Justiz | In erster Instanz zu sechs Monaten Haft auf Bewährung verurteilt worden
Gericht spricht Kardinal der Vertuschung von Kindesmissbrauch frei
In einem Prozess um die Vertuschung von Kindesmissbrauch in der katholischen Kirche Frankreichs ist der ehemals höchste geistliche Würdenträger des Landes freigesprochen worden.
Das Berufungsgericht von Lyon urteilte am Donnerstag, Kardinal Philippe Barbarin habe sich nicht schuldig gemacht. Dem 69-Jährigen wurde vorgeworfen, jahrelang den sexuellen Missbrauch von Knaben durch einen Priester seiner Diözese verschwiegen zu haben. In erster Instanz war der frühere Erzbischof von Lyon zu sechs Monaten Haft auf Bewährung verurteilt worden.
Einer der Anwälte des Geistlichen begrüsste das Urteil: "Kardinal Barbarin ist unschuldig", sagte er. Das Berufungsgericht folgte mit dem Freispruch dem Antrag der Staatsanwaltschaft. Sie hatte argumentiert, der Kardinal könne nicht persönlich für "Fehler" der katholischen Kirche haften. Der Kardinal hatte zwar persönliche "Irrtümer" eingestanden, aber keine Schuld im juristischen Sinne.

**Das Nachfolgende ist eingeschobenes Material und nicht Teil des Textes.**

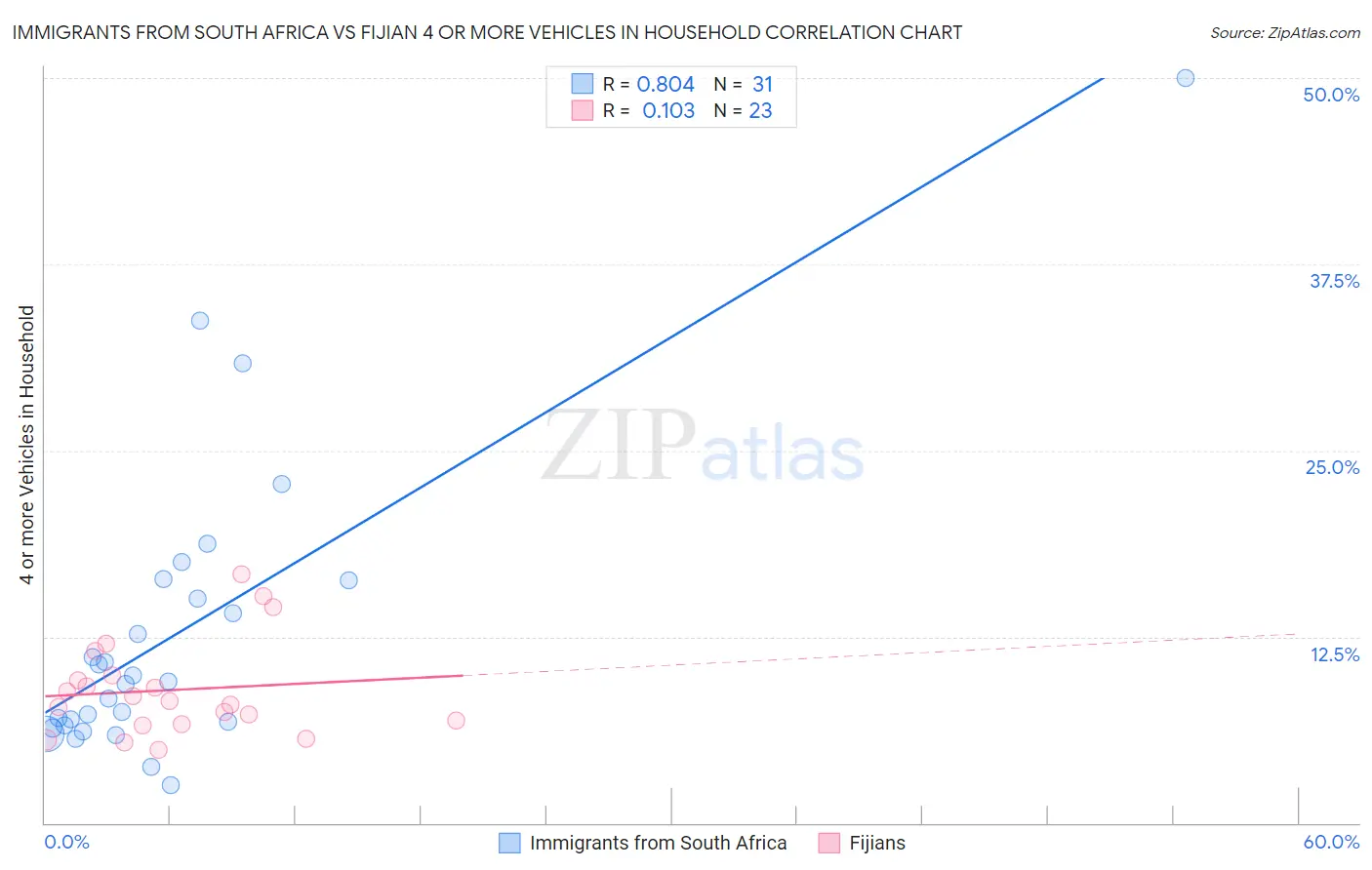 Immigrants from South Africa vs Fijian 4 or more Vehicles in Household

Seit dem Schuldspruch in erster Instanz vom März 2019 liess Barbarin sein Amt als Erzbischof von Lyon ruhen. Papst Franziskus hatte ein Rücktrittsgesuch seines französischen Oberhirten vor Ausgang des Berufungsverfahrens allerdings abgelehnt.

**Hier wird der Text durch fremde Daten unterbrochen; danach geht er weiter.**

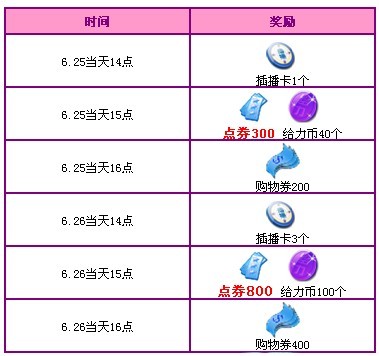 给力币(给力币月底清空吗)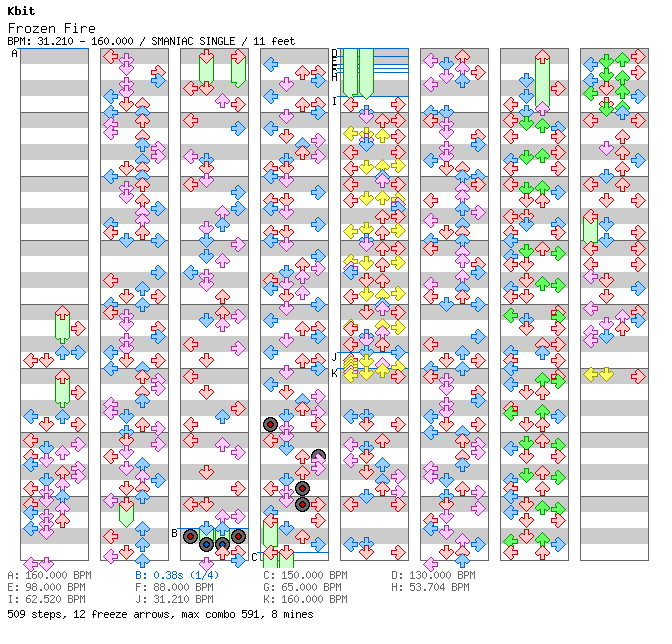 Frozen Fire / 4 / SMANIAC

Kardinal Barbarin soll nach Übernahme der Diözese Lyon im Jahr 2002 von den Taten des Priesters erfahren haben. Nach Überzeugung der Opfer schwieg er aber jahrelang, bis der Fall 2015 durch die Aussage eines der missbrauchten Knaben öffentlich wurde.
Gegen den Priester Bernard Preynat selbst läuft derzeit in Lyon ein gesondertes Verfahren. Die Anklage fordert mindestens acht Jahre Haft. Der 74-Jährige hat gestanden, als Leiter von Pfadfindergruppen und Ferienlagern zeitweise "vier bis fünf Kinder pro Woche" missbraucht zu haben. Ein Teil der Übergriffe aus den Jahren 1971 bis 1991 ist bereits verjährt.